Prediction market analysts uncovered what looks like blatant insider trading within the U.S. military after a group of nine connected Polymarket accounts won more than $2.4 million by placing bets on Donald Trump’s war in Iran.
Nicolas Vaiman, the CEO of data analytics firm Bubblemaps, told CBS’s 60 Minutes Sunday that across more than 80 bets, a series of nine anonymous accounts had a 98 percent win rate placing bets on pivotal moments of the joint U.S.-Israeli military campaign against Iran.
“This might be the most insane pattern we have found on Polymarket so far,” Vaiman said. “Luck alone cannot explain those numbers.”
“We spotted nine Polymarket accounts, all connected, who made, collectively,$2.4 million betting almost exclusively on U.S. military operations,” says Nicolas Vaiman, co-founder of the small data analytics firm Bubblemaps.“And now here's the crazy part: 98% win rate.”… pic.twitter.com/YQmRSn30UW
— 60 Minutes (@60Minutes) May 17, 2026Last month, federal prosecutors charged Master Sergeant Gannon Ken Van Dyke, a 38-year-old active-duty Army soldier involved in the planning and capture of former Venezuelan leader Nicolás Maduro, with using confidential intel to win $400,000 on Polymarket predictions related to the raid.
“Deebs,” Bubblemap’s head of investigations, who is a former U.S. military officer, told 60 Minutes that military markets are particularly ripe for rigging, as there are many individuals involved in organizing a military operation.
“And that means there are, consequently, a lot of potential insiders,” Deebs said.
David Kovel, a former commodities trader-turned-lawyer representing victims of fraud, pointed to March 23 as a prime example of suspicious trading. That day, just 15 minutes before Trump posted claiming the White House and Iran had “very good and productive” conversations about ending fighting, more than $800 million was staked on the odds that oil prices would drop. Trump’s post sent oil prices plummeting more than 10 percent.
“We’re talking tens of millions, could be $80 million,” Kovel told 60 Minutes, adding that blaming insider trading was “a natural conclusion to draw.”

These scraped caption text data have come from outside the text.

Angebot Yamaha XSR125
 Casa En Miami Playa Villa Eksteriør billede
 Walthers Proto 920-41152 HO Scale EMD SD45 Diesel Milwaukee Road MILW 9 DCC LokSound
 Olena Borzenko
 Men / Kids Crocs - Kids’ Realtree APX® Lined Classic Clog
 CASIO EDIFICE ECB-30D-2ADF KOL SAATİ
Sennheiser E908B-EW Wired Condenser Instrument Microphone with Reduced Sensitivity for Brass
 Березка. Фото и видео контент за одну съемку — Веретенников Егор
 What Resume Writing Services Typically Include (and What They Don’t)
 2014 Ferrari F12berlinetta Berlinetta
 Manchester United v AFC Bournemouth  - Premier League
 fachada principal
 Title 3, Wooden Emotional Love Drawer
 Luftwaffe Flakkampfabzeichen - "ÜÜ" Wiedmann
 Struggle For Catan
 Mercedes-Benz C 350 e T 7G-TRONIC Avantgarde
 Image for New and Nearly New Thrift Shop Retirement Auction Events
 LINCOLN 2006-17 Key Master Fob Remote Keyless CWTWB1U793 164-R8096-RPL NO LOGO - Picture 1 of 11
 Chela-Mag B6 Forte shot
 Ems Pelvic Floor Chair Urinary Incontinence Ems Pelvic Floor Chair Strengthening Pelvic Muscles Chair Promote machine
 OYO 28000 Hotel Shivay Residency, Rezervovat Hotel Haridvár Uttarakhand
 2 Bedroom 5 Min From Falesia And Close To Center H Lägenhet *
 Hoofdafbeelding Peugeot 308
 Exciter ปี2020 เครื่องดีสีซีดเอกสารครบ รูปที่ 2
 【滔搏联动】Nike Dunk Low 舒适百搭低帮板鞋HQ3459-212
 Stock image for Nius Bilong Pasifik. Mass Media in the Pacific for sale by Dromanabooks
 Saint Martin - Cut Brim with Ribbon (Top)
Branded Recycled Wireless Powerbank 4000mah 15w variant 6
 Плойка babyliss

Federal investigators are reportedly probing the oil market trades, but Trump himself doesn’t seem too concerned about reports of insider trading. Instead, he lamented last month that “the whole world has become somewhat of a casino” while quietly planning to launch his own prediction market.
A report from the Anti-Corruption Data Collective analyzed long shot wagers, meaning bets of more than $2,500 that have a less than 35 percent chance of winning, and found that 52 percent of bets on military and defense actions were successful, the highest rate of any political topic. “These were driven by highly successful wallets placing well-timed bets,” the report said.
The report pointed to the U.S. military’s surprise strike on Iranian nuclear facilities in June 2025.
“Across day-specific markets that resolved ‘Yes’ after the strike, 19 longshot bets totalling $164,292 were placed in the hours immediately before the operation,” the report said. “Eight wallets walked away with $1.8 million in combined profit—one earning nearly $500,000—despite the strike relying on deception, decoy bombers, and stealth aircraft that left no public signal of timing.”